Angolagate: ces Messieurs Afrique à la cour d'appel de Paris

© 2011 AFP

— 

"Nous sommes encerclés, voici les plans". La cour d'appel de Paris a résonné lundi des bruits de la guerre angolaise, au fil des témoignages des "Messieurs Afrique" français venus expliquer la genèse de la vente d'armes à Luanda dans les années 90.

Une vingtaine de personnes, dont Charles Pasqua, 83 ans, et l'homme d'affaires Pierre Falcone, 56 ans, sont rejugées depuis le 19 janvier pour avoir organisé ou tiré profit de ce commerce, jugé illicite en première instance.
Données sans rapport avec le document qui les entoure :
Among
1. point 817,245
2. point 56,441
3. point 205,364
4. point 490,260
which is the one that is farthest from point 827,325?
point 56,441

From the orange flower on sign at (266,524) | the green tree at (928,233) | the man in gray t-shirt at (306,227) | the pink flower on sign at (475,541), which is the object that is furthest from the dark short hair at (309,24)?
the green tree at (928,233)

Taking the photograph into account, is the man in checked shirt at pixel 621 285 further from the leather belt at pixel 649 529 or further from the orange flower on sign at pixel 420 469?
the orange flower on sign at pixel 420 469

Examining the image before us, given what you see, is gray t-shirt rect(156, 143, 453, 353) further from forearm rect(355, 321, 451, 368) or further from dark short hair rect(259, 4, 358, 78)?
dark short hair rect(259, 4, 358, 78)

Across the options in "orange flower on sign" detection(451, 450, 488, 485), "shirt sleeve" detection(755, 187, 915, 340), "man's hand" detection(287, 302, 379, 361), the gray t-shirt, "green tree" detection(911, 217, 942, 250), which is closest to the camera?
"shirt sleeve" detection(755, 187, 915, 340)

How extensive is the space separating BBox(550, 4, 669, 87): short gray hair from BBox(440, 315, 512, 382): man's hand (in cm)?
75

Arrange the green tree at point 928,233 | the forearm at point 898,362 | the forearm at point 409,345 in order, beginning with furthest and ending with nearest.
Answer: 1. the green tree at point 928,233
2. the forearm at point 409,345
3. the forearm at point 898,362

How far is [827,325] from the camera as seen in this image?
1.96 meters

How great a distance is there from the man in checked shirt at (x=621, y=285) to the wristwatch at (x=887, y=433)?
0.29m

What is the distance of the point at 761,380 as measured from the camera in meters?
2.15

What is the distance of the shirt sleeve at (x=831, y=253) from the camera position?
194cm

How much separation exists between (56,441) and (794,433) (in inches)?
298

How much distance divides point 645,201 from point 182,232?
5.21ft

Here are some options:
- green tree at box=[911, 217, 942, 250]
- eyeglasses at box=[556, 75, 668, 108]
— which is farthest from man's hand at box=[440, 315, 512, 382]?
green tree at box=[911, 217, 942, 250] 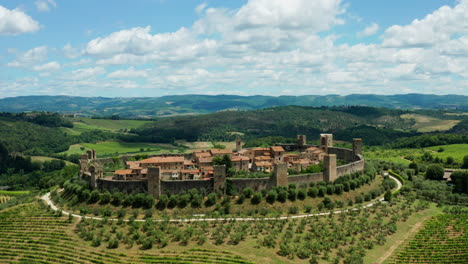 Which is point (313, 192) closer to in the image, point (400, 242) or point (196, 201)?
point (400, 242)

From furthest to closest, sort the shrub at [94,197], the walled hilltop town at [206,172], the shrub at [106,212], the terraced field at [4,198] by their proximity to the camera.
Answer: the terraced field at [4,198], the shrub at [94,197], the walled hilltop town at [206,172], the shrub at [106,212]

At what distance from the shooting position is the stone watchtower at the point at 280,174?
59.1 m

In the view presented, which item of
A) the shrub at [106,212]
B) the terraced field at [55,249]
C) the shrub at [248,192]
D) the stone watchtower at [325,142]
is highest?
the stone watchtower at [325,142]

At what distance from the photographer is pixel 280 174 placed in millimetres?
59156

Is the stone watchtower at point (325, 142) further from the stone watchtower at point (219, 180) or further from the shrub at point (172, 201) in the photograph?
the shrub at point (172, 201)

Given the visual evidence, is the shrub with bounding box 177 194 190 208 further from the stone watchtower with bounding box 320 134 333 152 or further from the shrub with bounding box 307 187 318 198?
the stone watchtower with bounding box 320 134 333 152

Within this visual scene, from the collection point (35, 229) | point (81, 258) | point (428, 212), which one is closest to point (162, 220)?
point (81, 258)

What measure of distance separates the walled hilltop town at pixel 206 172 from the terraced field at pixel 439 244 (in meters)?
16.1

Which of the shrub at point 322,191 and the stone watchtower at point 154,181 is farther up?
the stone watchtower at point 154,181

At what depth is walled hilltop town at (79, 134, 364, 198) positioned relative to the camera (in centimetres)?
5800

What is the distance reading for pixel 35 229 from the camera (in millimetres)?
54125

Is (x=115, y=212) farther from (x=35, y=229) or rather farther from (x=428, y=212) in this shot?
(x=428, y=212)

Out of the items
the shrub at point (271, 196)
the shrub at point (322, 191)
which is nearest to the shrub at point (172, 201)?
the shrub at point (271, 196)

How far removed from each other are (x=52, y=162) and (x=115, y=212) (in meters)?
76.7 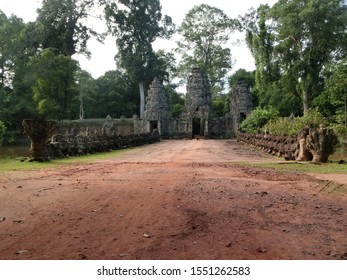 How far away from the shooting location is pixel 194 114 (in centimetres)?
4347

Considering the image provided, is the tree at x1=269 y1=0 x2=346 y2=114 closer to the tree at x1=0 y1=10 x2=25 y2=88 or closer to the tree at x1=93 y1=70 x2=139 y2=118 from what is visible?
the tree at x1=93 y1=70 x2=139 y2=118

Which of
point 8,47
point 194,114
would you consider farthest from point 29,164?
point 194,114

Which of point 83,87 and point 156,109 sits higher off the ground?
point 83,87

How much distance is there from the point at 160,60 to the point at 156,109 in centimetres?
1185

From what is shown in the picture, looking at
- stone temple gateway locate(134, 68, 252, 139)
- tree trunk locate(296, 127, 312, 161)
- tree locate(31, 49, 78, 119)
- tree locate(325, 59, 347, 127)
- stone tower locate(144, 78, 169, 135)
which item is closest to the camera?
tree trunk locate(296, 127, 312, 161)

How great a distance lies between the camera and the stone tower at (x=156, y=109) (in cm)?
4291

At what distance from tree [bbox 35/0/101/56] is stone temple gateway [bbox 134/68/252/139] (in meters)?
15.1

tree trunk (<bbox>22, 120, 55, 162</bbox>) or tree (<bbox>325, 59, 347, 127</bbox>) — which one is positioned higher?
tree (<bbox>325, 59, 347, 127</bbox>)

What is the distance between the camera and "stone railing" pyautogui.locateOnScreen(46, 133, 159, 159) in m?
16.0

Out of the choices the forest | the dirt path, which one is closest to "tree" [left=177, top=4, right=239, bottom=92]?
the forest

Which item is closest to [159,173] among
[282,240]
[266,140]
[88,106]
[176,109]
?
[282,240]

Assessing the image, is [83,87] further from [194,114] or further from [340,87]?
[340,87]

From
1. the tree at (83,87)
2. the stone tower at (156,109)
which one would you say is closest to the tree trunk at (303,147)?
the stone tower at (156,109)

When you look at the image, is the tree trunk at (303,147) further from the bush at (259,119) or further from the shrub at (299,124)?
the bush at (259,119) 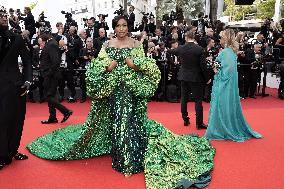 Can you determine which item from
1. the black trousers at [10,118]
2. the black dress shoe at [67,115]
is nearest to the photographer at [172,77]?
the black dress shoe at [67,115]

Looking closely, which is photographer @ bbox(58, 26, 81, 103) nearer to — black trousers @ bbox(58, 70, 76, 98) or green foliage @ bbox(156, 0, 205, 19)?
black trousers @ bbox(58, 70, 76, 98)

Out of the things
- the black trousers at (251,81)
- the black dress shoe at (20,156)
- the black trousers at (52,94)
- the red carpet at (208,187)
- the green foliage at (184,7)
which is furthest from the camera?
the green foliage at (184,7)

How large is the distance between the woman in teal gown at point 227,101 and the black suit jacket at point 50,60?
2935 mm

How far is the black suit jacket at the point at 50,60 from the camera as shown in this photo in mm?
6535

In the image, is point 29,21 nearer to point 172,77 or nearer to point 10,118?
point 172,77

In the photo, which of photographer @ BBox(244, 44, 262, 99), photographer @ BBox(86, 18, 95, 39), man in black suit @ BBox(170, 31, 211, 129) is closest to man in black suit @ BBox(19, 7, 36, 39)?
photographer @ BBox(86, 18, 95, 39)

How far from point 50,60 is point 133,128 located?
3.07m

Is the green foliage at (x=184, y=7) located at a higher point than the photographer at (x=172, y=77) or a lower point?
higher

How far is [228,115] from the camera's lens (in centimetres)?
541

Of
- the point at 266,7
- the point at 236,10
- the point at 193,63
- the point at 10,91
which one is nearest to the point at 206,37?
the point at 193,63

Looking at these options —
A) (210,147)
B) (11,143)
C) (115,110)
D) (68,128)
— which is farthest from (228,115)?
(11,143)

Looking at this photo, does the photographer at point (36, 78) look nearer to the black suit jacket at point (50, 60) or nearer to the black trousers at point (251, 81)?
the black suit jacket at point (50, 60)

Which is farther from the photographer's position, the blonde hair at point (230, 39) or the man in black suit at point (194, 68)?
the man in black suit at point (194, 68)

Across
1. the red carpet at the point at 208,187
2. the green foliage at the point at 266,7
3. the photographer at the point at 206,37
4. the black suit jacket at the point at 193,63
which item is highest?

Après trois jours de mise en route, la cour a étudié lundi le contexte angolais (guerre civile), international (post-guerre froide) et français (cohabitation politique), dans lequel est née l'affaire de l'Angolagate.

Elle a en particulier entendu Jean-Bernard Curial, 71 ans, ancien conseiller Afrique du Parti socialiste et connaissance de longue date du président angolais José Eduardo Dos Santos, ainsi que Jean-Christophe Mitterrand, 64 ans, surnommé "Papamadit" du temps où il était conseiller pour l'Afrique de son père, le président socialiste François Mitterrand.

Les deux hommes ont été condamnés à de la prison avec sursis et une amende dans cette affaire mais, n'ayant pas fait appel, ne sont plus jugés au pénal.

Tout semble donc être parti d'une rencontre en 1993 à Luanda entre MM. Curial et Dos Santos, président légitime depuis la victoire de son parti ex-marxiste, le MPLA (Mouvement populaire pour la libération de l'Angola), aux élections législatives de l'année précédente.

L'Union nationale pour l'indépendance totale de l'Angola (Unita), soutenue pendant la guerre par les Etats-Unis et l'Afrique du Sud de l'apartheid, ayant rejeté les résultats du premier tour de ces élections, les combats avaient repris de plus belle.

En 1993, l'Unita contrôlait "70 à 80% du territoire", le président angolais avait besoin de matériel de guerre et de vivres. M. Curial était chargé de transmettre.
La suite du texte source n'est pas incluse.